[Records from a collection]

○ ○ ○ ○ ○ ○ ○

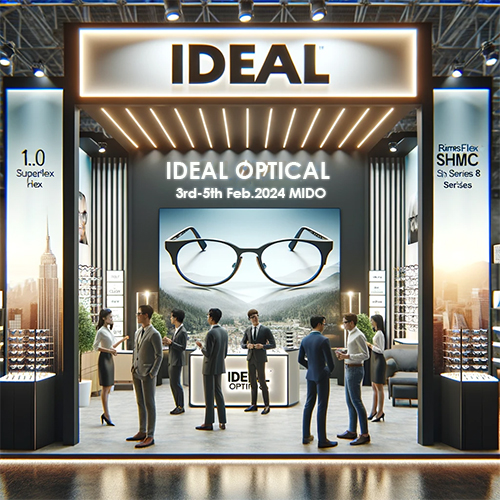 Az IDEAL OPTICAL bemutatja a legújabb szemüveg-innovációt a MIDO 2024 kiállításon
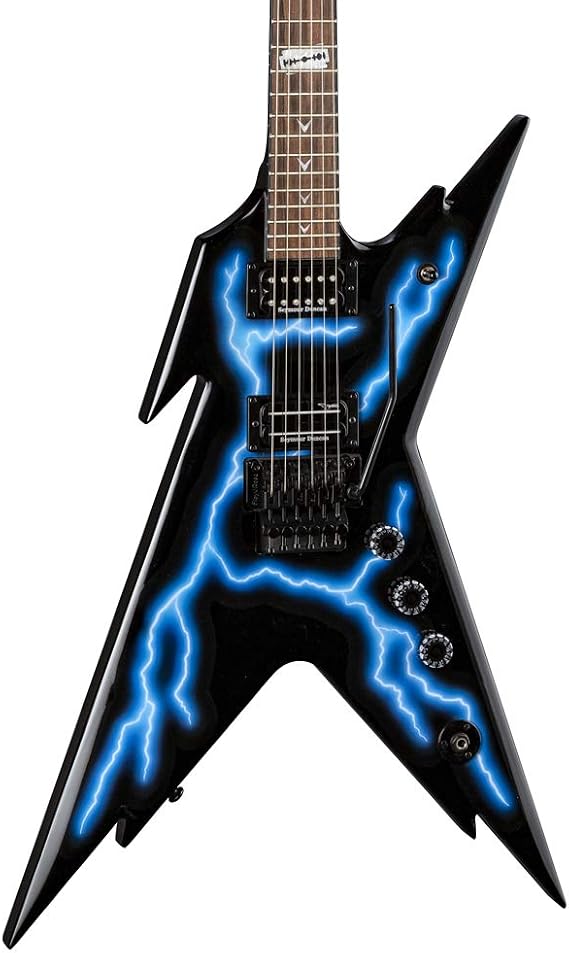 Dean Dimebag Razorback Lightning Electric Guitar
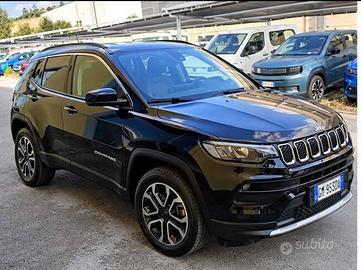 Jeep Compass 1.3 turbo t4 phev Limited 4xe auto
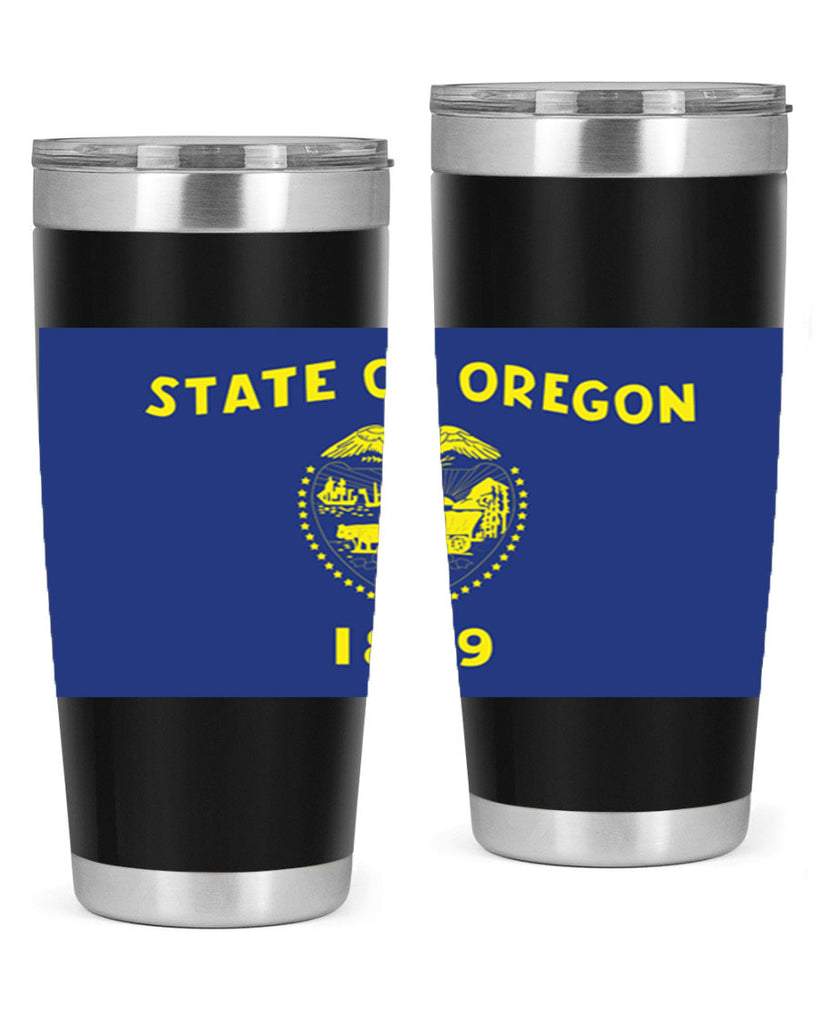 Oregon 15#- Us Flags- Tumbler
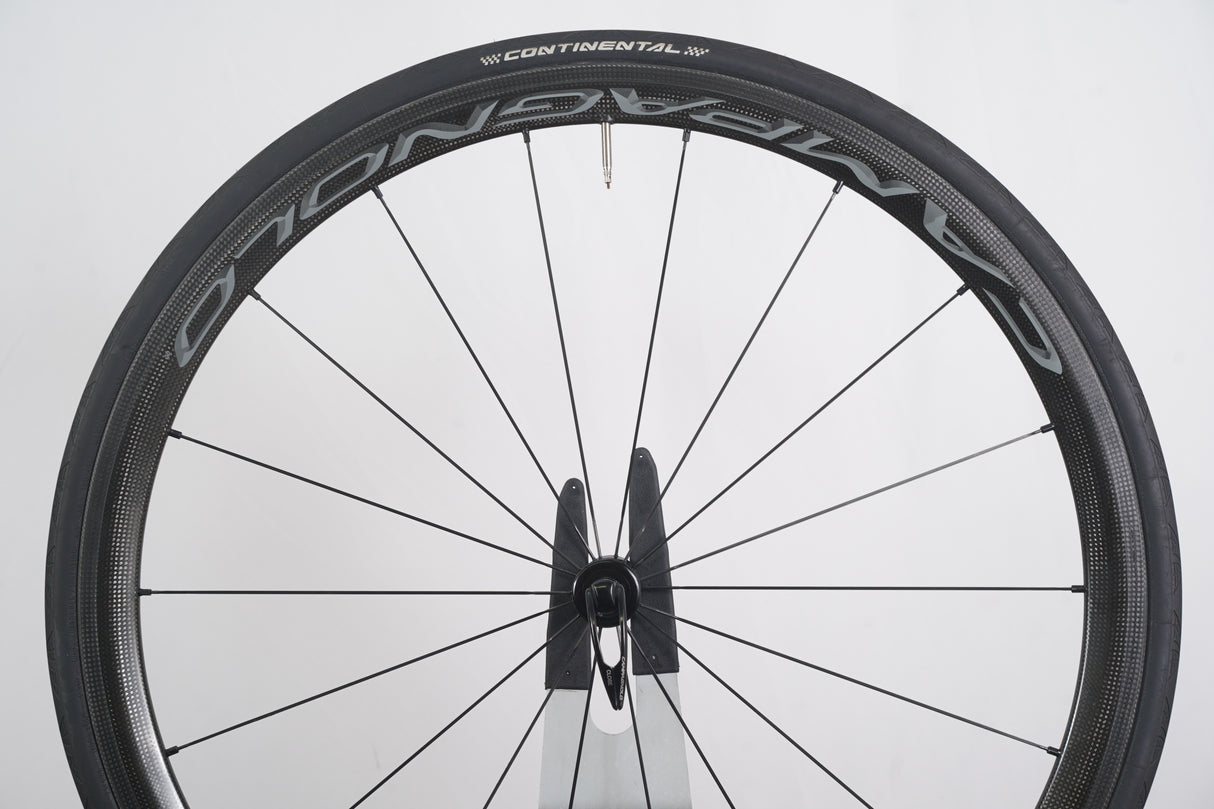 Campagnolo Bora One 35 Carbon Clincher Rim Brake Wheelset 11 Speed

○ ○ ○ ○ ○ ○ ○

* What you should do
Reproduce each line of the records above, exactly and without pictures.

* Solution below
 Az IDEAL OPTICAL bemutatja a legújabb szemüveg-innovációt a MIDO 2024 kiállításon
 Dean Dimebag Razorback Lightning Electric Guitar
 Jeep Compass 1.3 turbo t4 phev Limited 4xe auto
 Oregon 15#- Us Flags- Tumbler
 Campagnolo Bora One 35 Carbon Clincher Rim Brake Wheelset 11 Speed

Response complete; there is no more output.